Ashley Martof, an industrial engineering major and an intern at America Makes downtown, has been paid at all three of her internships, starting with a spot at Reznor in Mercer, Pa., during her sophomore year.

“Being paid is definitely an incentive. During college, you have to pay tuition and books and all these costs. Companies pay because they know we have those costs and we deserve to get paid for the work we do,” Martof says, noting that as she’s gotten more experience, the internships paid better.

At all of her internships – Martof also spent a summer at Altronic Inc. in Girard – she has done significant work, beginning with helping to redesign the factory floor at Reznor, she says, time she calls “an incredible experience.”

“I got to experience things that I had never considered. I got blamed for some production being behind by the production workers because not all of them liked the changes,” Martof says. “It made me learn just how important communication is through all levels.”

Near the end of her time at Altronic, she was hired by America Makes as a workforce and education outreach intern. There, she says, she helped the additive manufacturing hub define what jobs were required.

“I’ve wound up having to manage five different jobs and having to work through it and decide the priorities,” Martof says.

Hiring interns benefits employers, and occasionally industries as a whole, by providing students with a truer understanding of what a career or job field requires.

“They’re helping to shape the future workforce. They’re ensuring that whatever skills students get in academic programs are what’s needed and potentially adding skills that students will have to know for the workforce,” says YSU’s Johnson. “The workforce will then benefit from having trained, capable graduates.”

As with any job, though, sometimes things don’t work out. Maybe an intern and employer don’t quite get along. Or an intern’s job isn’t quite what he thought it would be. Working through that, Johnson says, is part of the experience that can benefit students.

“That’s what it’s like in the real world. Many times, things aren’t a good fit between an employer and an employee. It’s good for students to understand that as they go through their job search,” she says.

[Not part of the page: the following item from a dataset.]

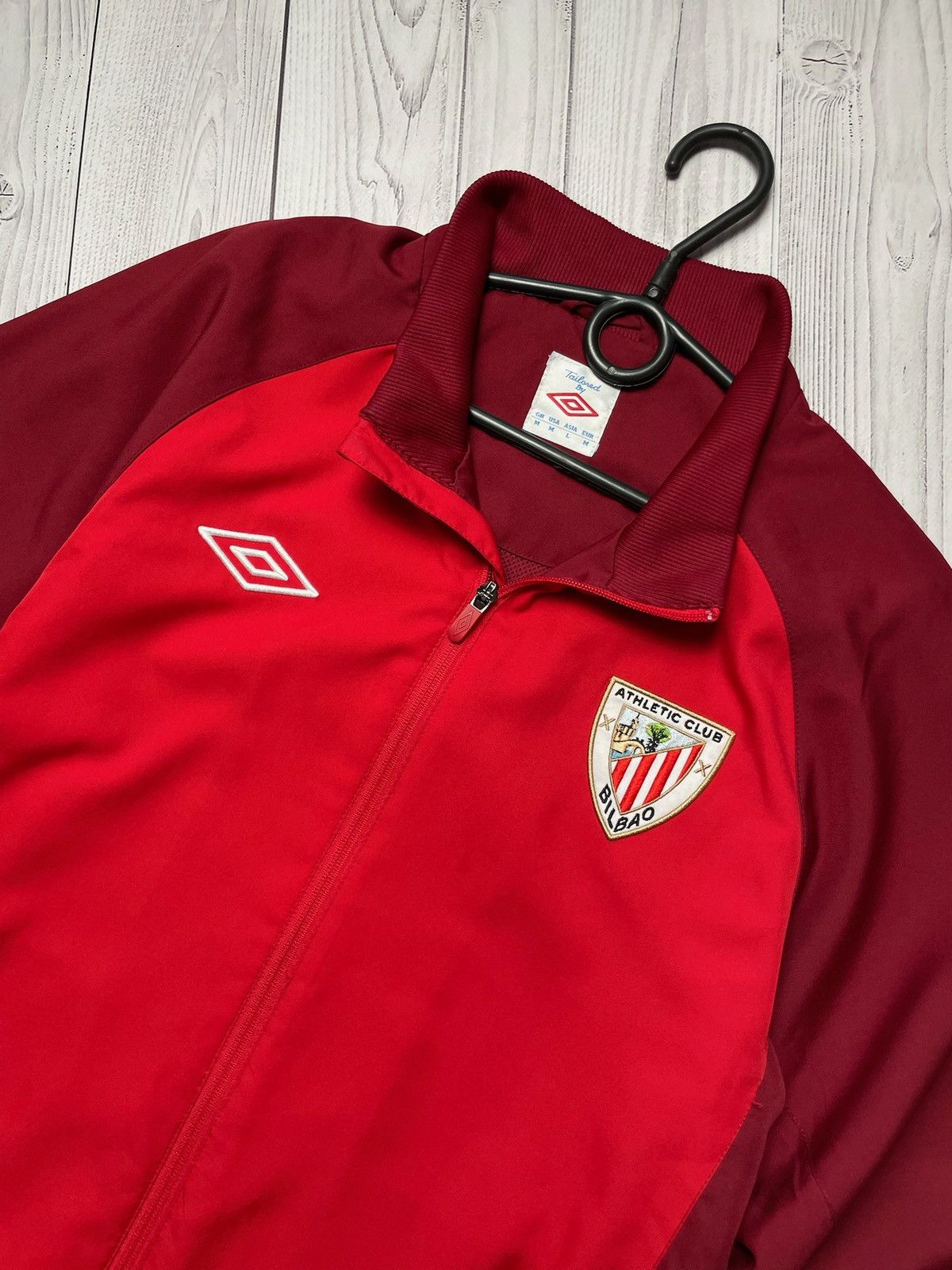 Vintage Vintage Athletic Bilbao Umbro soccer track jacket size M Size US M / EU 48-50 / 2 - 2 Thumbnail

Should the worst case come to fruition, the STEM College’s Hrusovski says her office works with students to ensure they get the experience that’s all but required to get a job after graduation.

“We look at finding another opportunity for them at another company and complete enough hours for it to count as credit,” Hrusovski says. “We always try to find other solutions.”

While YSU doesn’t keep statistics on the frequency of internships resulting in job offers, Costello says that’s often the case. “We don’t promote internships as a way to lead to a full-time position, but a lot of our students that complete internships have either been offered jobs or have jobs waiting for them after they graduate.”

Since the Williamson College started its own career services office, Costello says there is a steady stream of calls from companies looking to offer internships.

The cause of that, Hrusovski believes, is the type of students that the university produces.

“One of the comments that we get often is that [employers] like – especially in the engineering area – that students are blue-collar engineers,” she says. “They’re not only academically strong, but also hands-on. They’re not afraid to get their hands dirty and do the work.”